═════ SOURCE MATERIAL
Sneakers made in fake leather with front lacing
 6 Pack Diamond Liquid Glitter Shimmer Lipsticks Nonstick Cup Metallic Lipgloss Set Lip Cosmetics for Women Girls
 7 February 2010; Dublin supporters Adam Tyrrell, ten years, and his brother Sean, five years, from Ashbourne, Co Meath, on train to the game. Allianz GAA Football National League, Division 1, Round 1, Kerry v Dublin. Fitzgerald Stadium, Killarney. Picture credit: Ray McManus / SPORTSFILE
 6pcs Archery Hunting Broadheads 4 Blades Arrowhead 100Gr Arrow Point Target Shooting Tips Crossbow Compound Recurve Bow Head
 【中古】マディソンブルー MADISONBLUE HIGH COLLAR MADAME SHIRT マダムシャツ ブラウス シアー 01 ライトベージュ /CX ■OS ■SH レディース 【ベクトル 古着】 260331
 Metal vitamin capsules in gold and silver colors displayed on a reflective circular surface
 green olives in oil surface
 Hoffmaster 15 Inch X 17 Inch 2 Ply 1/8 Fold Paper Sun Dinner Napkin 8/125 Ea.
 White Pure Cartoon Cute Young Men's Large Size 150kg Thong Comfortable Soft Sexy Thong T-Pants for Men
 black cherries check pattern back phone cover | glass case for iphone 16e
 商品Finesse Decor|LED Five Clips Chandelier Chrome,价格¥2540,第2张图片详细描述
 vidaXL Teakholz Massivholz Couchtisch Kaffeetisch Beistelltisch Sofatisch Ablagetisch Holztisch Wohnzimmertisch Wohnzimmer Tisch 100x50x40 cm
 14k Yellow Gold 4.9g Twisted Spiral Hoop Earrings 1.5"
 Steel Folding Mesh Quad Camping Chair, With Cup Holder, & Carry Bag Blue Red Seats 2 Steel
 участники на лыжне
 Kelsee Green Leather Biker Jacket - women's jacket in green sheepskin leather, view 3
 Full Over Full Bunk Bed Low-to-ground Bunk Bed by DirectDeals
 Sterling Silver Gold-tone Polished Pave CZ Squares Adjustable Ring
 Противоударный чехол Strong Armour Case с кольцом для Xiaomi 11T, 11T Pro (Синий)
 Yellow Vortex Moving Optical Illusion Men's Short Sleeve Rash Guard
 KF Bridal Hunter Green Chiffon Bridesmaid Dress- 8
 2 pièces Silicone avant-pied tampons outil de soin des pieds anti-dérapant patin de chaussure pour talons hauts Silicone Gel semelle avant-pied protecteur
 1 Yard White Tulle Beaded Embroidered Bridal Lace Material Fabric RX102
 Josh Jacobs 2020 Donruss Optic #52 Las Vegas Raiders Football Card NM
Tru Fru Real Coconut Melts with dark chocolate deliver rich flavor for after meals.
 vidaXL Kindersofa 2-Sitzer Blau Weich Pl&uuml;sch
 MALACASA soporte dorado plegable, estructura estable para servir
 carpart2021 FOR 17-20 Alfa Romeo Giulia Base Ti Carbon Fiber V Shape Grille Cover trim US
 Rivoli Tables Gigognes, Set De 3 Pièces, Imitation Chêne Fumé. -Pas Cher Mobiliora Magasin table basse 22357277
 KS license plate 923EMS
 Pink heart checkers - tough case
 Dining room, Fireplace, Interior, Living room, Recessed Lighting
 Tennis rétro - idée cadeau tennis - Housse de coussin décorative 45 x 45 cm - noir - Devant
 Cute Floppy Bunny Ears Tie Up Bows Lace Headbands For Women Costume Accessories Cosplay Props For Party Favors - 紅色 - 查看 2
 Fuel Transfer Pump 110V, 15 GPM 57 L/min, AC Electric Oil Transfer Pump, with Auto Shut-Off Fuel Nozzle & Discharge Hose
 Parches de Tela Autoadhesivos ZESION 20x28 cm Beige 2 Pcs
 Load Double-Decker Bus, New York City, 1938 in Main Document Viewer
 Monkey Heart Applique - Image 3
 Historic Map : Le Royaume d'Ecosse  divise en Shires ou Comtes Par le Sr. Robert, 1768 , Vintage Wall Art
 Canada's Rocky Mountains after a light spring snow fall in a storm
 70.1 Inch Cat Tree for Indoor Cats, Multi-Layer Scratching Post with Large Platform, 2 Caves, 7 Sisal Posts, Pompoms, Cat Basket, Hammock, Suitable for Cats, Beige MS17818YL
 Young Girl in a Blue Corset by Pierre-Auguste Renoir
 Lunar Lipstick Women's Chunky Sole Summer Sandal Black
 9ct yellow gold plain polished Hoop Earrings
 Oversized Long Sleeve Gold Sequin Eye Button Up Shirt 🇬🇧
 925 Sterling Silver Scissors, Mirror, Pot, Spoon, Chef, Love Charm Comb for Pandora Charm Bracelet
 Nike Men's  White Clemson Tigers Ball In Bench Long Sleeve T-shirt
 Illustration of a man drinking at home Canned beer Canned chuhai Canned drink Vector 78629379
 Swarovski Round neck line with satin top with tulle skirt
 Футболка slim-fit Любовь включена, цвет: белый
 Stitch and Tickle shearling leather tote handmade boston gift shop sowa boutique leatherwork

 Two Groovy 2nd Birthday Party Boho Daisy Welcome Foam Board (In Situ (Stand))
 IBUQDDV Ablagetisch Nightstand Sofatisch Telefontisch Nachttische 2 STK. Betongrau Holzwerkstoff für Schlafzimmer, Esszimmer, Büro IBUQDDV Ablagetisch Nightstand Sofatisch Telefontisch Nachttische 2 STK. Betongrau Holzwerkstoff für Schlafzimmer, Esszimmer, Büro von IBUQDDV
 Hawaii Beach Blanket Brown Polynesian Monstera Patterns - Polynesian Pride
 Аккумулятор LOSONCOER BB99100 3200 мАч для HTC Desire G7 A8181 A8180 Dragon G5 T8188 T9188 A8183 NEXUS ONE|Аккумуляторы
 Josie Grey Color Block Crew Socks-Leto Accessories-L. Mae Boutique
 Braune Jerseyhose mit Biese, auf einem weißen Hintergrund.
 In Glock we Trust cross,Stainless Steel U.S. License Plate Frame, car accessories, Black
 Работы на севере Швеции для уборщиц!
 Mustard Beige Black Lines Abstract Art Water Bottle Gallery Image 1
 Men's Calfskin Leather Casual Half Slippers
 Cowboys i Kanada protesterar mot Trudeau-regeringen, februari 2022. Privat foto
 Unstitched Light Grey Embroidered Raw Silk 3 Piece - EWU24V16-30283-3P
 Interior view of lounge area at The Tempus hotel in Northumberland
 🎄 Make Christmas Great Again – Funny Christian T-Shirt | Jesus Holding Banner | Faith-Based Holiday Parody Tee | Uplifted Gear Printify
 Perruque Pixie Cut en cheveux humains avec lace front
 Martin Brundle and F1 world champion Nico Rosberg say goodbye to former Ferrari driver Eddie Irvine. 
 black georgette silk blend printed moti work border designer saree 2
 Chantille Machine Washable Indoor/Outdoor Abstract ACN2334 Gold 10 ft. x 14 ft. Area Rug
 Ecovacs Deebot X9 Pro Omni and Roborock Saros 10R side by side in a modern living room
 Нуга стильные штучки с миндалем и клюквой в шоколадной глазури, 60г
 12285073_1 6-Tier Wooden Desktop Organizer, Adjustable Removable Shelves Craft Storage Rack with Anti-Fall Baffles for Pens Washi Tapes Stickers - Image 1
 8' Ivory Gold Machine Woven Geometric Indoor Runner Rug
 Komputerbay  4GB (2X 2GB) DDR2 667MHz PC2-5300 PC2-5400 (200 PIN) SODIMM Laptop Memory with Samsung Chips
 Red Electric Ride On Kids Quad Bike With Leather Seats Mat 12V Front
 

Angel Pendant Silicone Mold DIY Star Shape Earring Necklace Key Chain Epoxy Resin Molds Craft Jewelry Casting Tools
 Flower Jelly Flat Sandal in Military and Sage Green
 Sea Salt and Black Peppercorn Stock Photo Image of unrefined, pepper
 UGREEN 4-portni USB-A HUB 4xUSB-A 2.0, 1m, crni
══════════
Every line in the data above that contains the word "Bridal" should be copied.

 KF Bridal Hunter Green Chiffon Bridesmaid Dress- 8
 1 Yard White Tulle Beaded Embroidered Bridal Lace Material Fabric RX102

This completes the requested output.